Give the listing back in full, exactly as written, with the pictures removed.

Start of Collected data

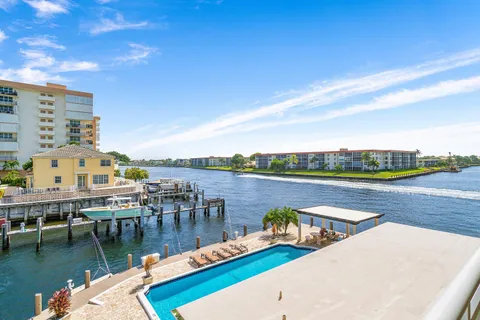 a view of a lake with tall buildings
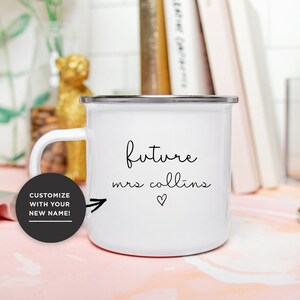May include: White enamel mug with a black inscription that reads "future mrs collins" with an arrow pointing to the right and a small heart symbol. The mug has a silver rim.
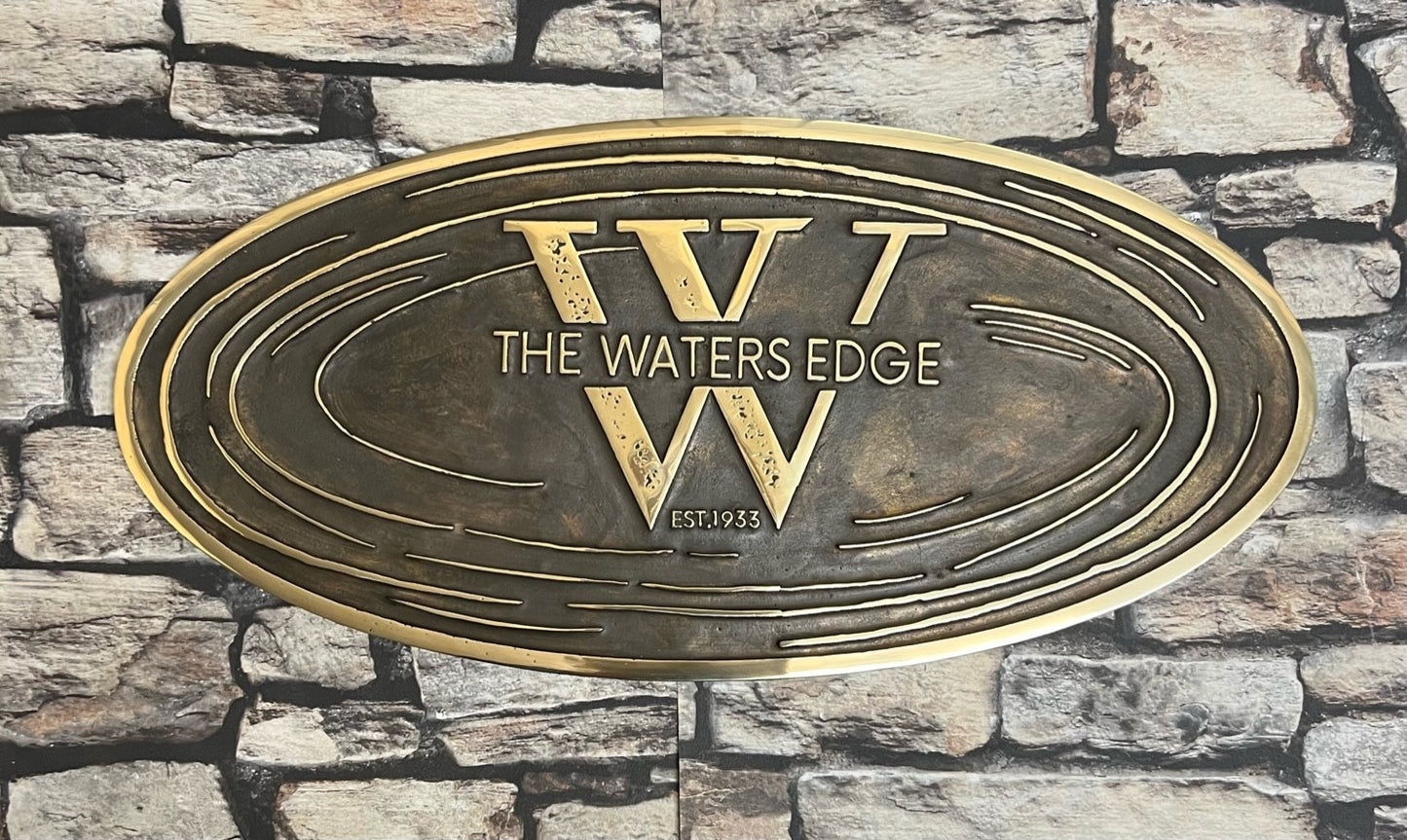 cast sign in bronze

End of Collected data

■ Task response ■
 a view of a lake with tall buildings
May include: White enamel mug with a black inscription that reads "future mrs collins" with an arrow pointing to the right and a small heart symbol. The mug has a silver rim.
 cast sign in bronze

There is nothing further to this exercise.